The place to be this week in Bolivia is Cochabamba/Quillacollo for the Virgin of Urkupiña festival. Can't make it to Bolivia right now? Then read all about the festival, the legend behind it and get a recipe for a Cochabamba specialty, chicharron.
One thing Bolivians do well is assimilate. When Catholicism arrived in Bolivia, the indigenous people didn't reject it nor did they abandon their own beliefs about natural gods, spirits, the sun and earth. Instead, they combined aspects of Catholicism with their folk traditions and created a hybrid of Catholic and folk religions. I admire the strength of the native cultures to maintain their traditions while still welcoming the new idea of Catholicism.
The Virgin of Urkupiña festival, which takes place in Cochabamba/Quillacollo during the third week of August (Aug. 15-17, 2010), is a key example of this fusion of religions. The festival combines honoring the Virgin of Urkupiña with honoring Pachamama/Mother Earth. This three day festival opens with a parade of energetic folkloric dancers dressed is colorful traditional costumes then moves on to the Calvario. Thousands of people flock to Quillacollo for this festival.
The legend behind this festival is that the Virgin appeared to a poor girl and told her to gather some stones from the hillside and take them to her family. By the time the girl arrived home the stones had turned to silver thus lifting the family out of poverty. It became a tradition for people to go to the Quillacollo hillside to gather stones.

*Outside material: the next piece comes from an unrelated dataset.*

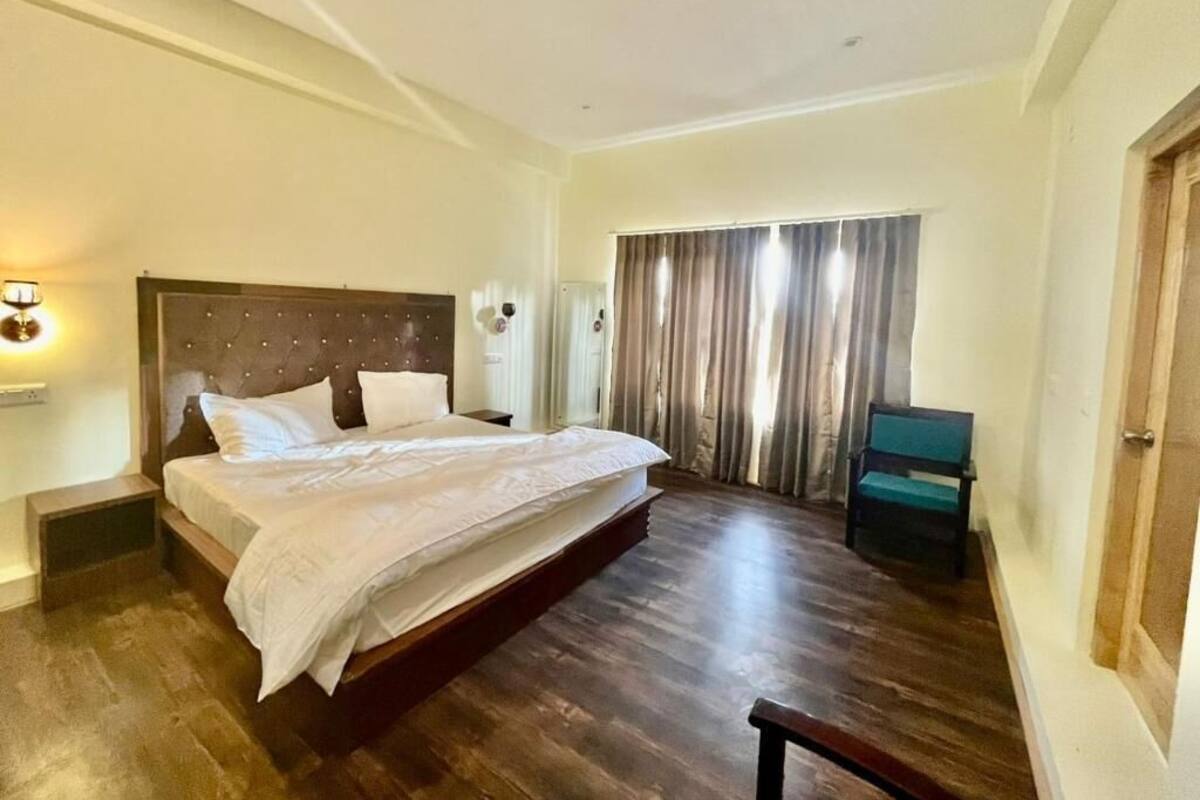 A bedroom with a large bed, a bedside table, a chair, a window with curtains, and a door.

These days you don't just walk along the hillside and pick up stones, you borrow a pick, climb down into a pit and hack away until you have your stones. You then have the stones blessed by Pachamama and stand in the sun in a very long line to have them blessed by the Virgin. Bring a sun hat and sunscreen! In addition to the stones people buy miniatures of all the material things they need or want, just like they do for Alasitas, and also have those items blessed. One very important thing to remember is that the stones symbolize money borrowed to help you but you must return the stones (repay the loan) to the hillside at some point in your life.

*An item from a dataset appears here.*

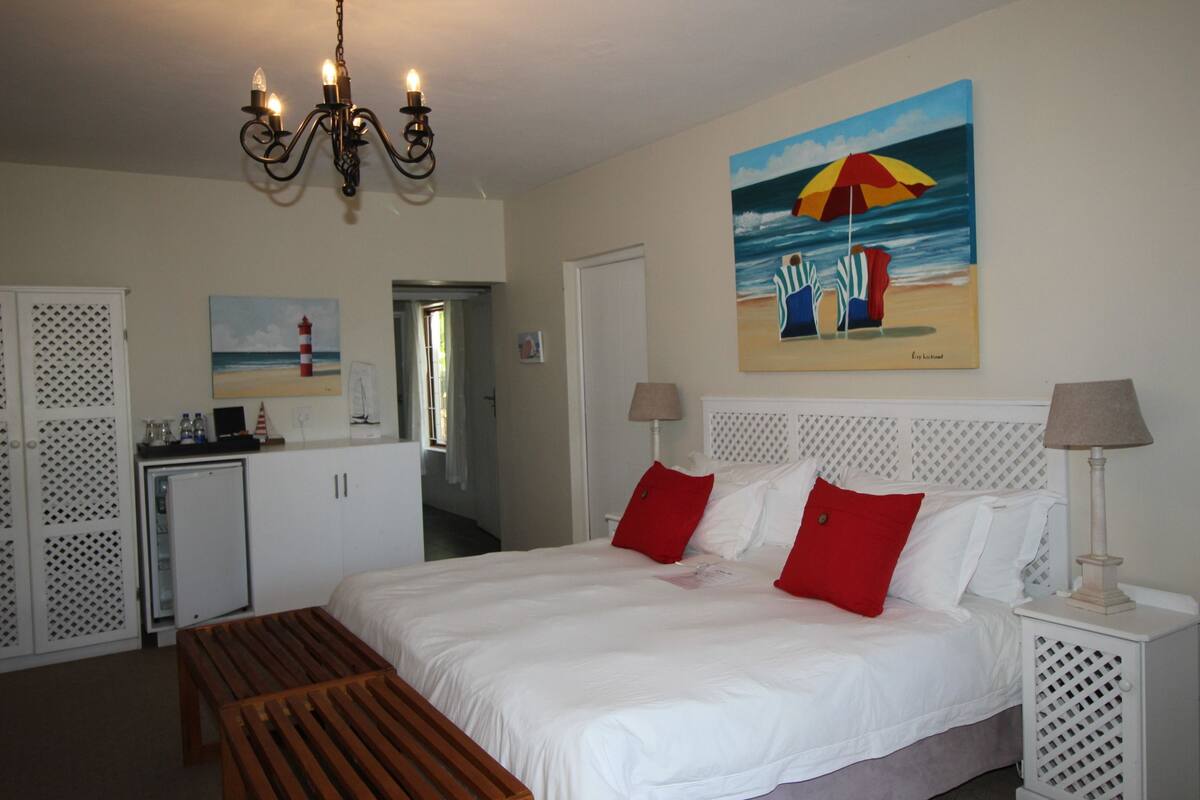 A bedroom with a bed, bedside lamps, a bench, a painting of a beach scene, and a refrigerator.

While in the Cochabamba area stop in to have some of the famous Doña Pola Chicharron. Doña Pola is a woman who has made a living out of making some of the best Chicharron around. I'm not sure what her secret is but it might have to do with the large copper kettle she uses. If you would like to try making Chicharron yourself, try the recipe below and remember that long slow cooking is best.
Recipe: Chicharron/Crispy Pork
4-5 lbs pork ribs or pork shoulder
1 lb of canned hominy or dried mote soaked in water overnight
2 medium white onions
2 T ground aji colorado (or to taste) or other dried red chile
Salt to taste
Black pepper to taste
2 t cumin
1 T oregano
4-5 cloves garlic, minced or to taste
Juice of one lemon
Beer or Chicha, optional
- If using dry mote, soak in unsalted warm water overnight then without changing the water bring to a boil then reduce heat and simmer until tender.

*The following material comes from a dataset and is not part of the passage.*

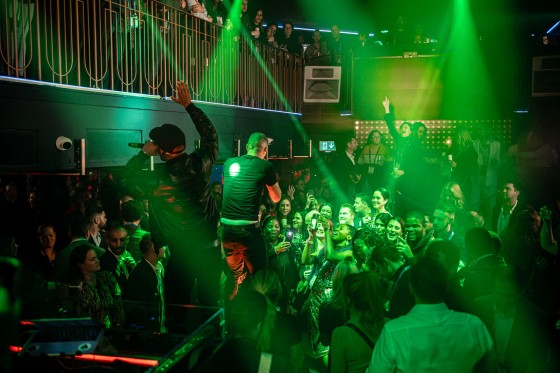 A crowd at an event with green lighting, and two people on stage with a microphone.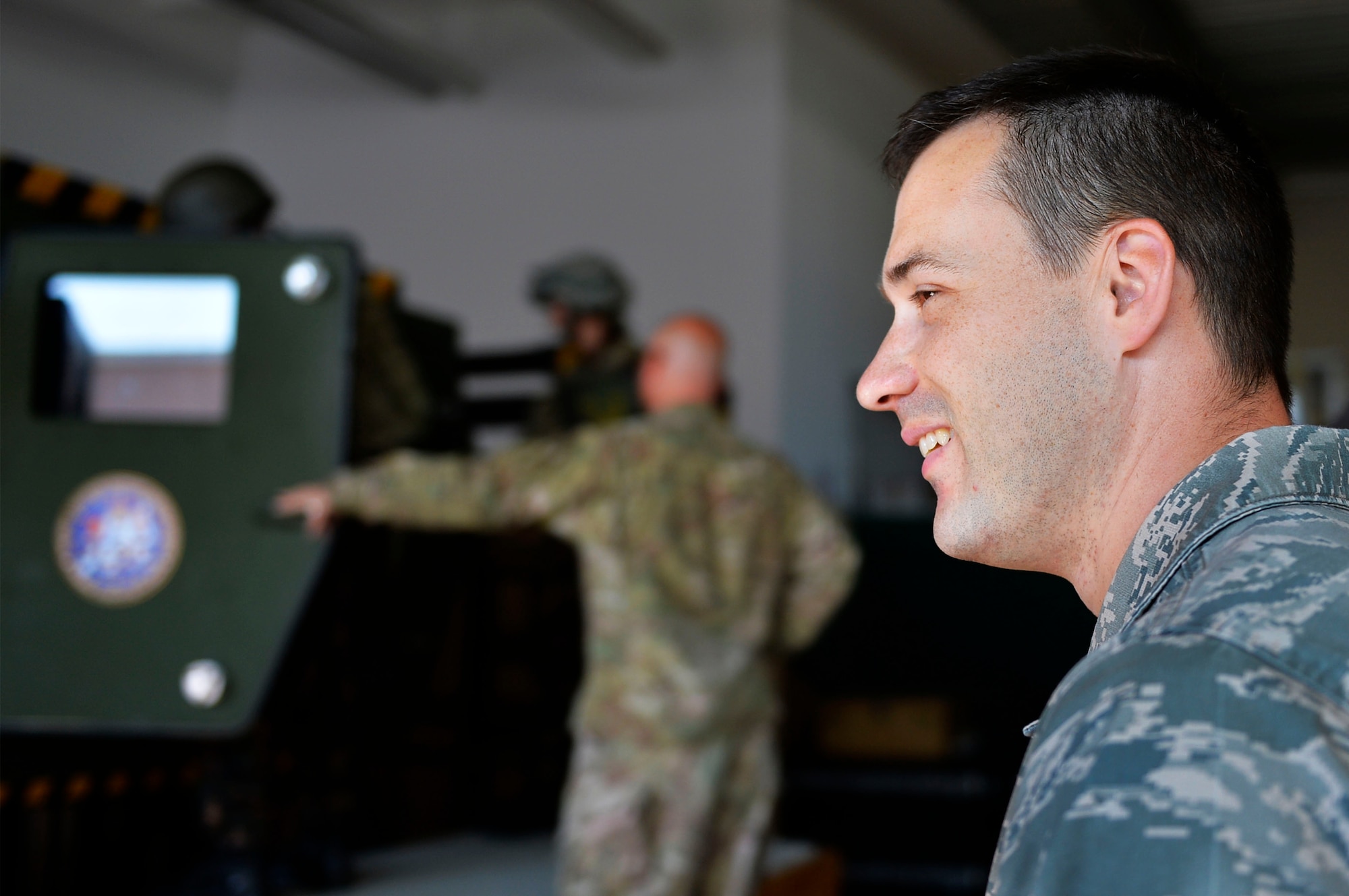 U.S. Air Force Staff Sgt. Dallas Rhodes, 7th Weather Squadron unit deployment manager, watches as troops enter a Humvee egress assistance trainer on Lucius D. Clay Kaserne, Germany, June 14, 2017. The 7th WS conducted Exercise Cadre Focus 17-1, which aims to help its Airmen enhance their ability to integrate with the U.S. Army. German, Polish, and Hungarian service members also participated in the exercise. (U.S. Air Force photo by Airman 1st Class Joshua Magbanua)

- Grind the black pepper, cumin, garlic, aji de colorado, lemon and oregano together to form a paste
- Rub the paste over the pork ribs and let sit for about 15 minutes.
- In a large dutch oven, add enough canola oil to cover the bottom of the pot 1/4 inch deep.
- Salt the pork ribs and add to the pot.
- Cook slowly over a low flame, turning occasionally. Cook until pork is crispy. Add a little beer or chicha if desired for flavor.